## Material provided
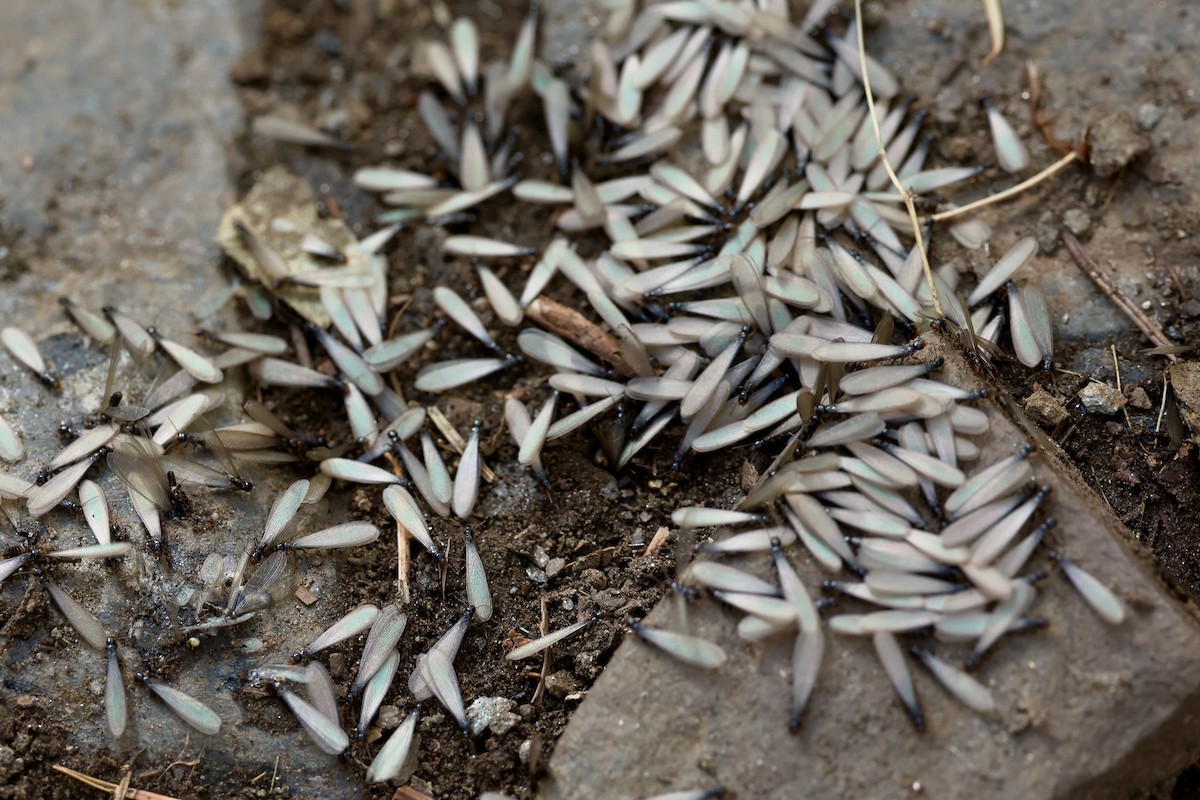 Ants - ML638460077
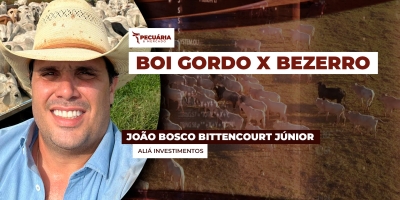 Apesar de preços recordes, relação de troca Bezerro X Boi Gordo ainda é favorável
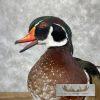 Wood Duck Taxidermy Bird Mount For Sale - Image 9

## Directions
The material should be returned verbatim, with all images omitted.

## Response to this exercise
 Ants - ML638460077
 Apesar de preços recordes, relação de troca Bezerro X Boi Gordo ainda é favorável
 Wood Duck Taxidermy Bird Mount For Sale - Image 9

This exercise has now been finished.